Task to carry out: Copy the listing as it is written, and leave each picture out.

Stored data:

= = = = =

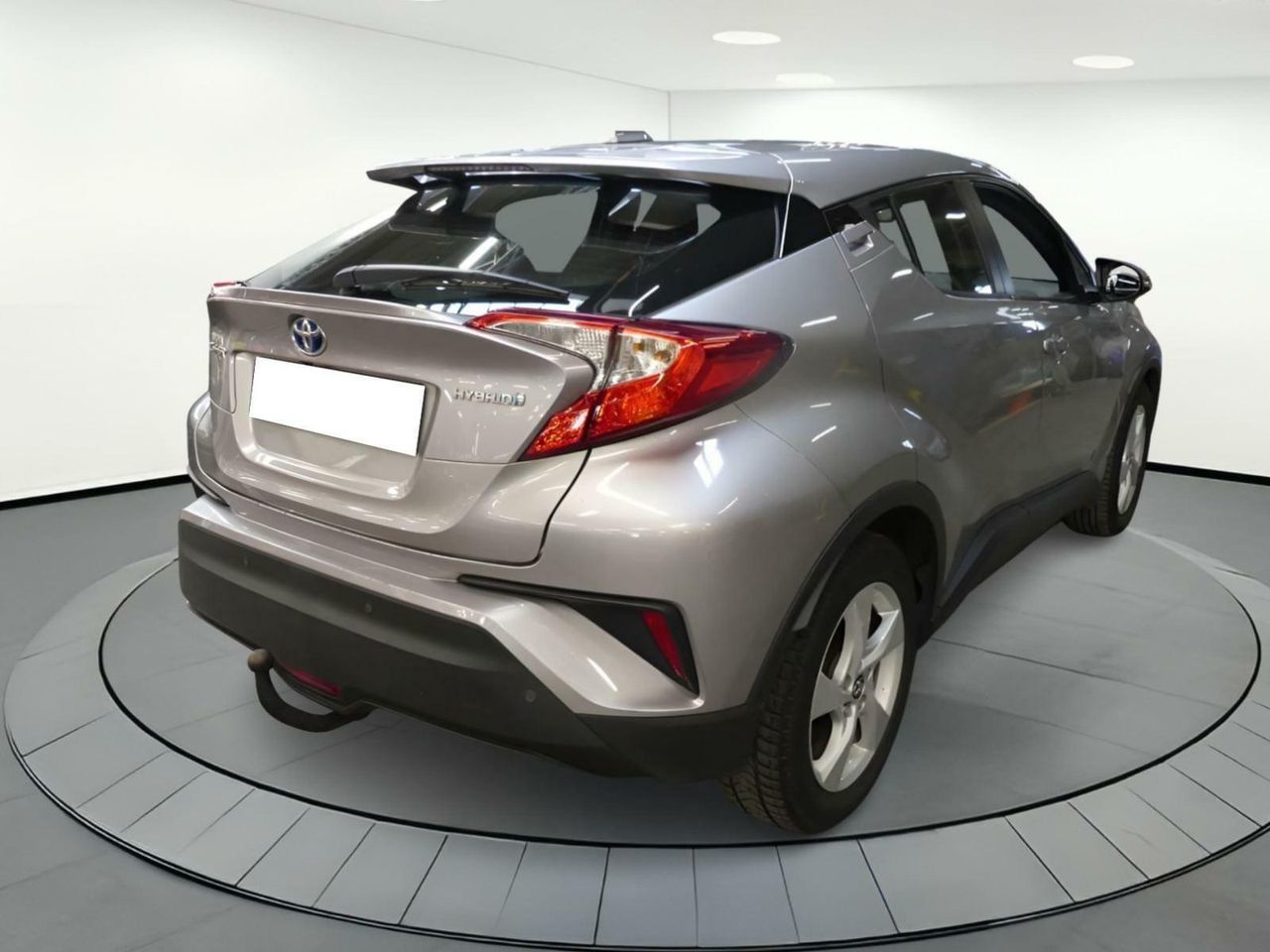 toyota c-hr 2018 / foto grande (2)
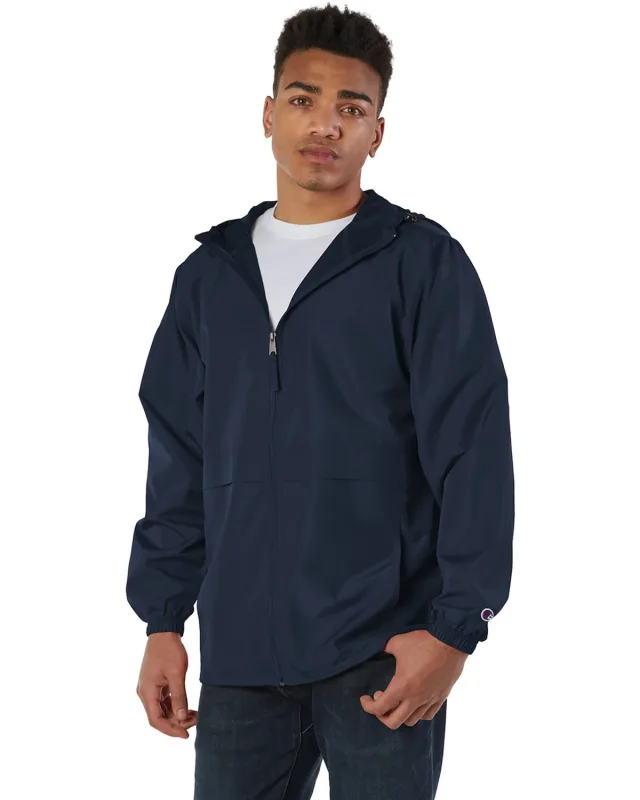 Champion Adult Full-Zip Anorak Jacket — view 18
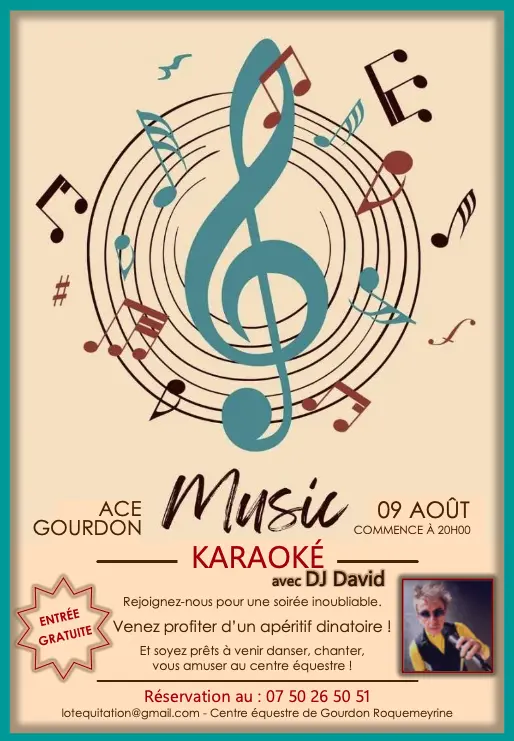 affiche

= = = = =

Response to the task:
 toyota c-hr 2018 / foto grande (2)
 Champion Adult Full-Zip Anorak Jacket — view 18
 affiche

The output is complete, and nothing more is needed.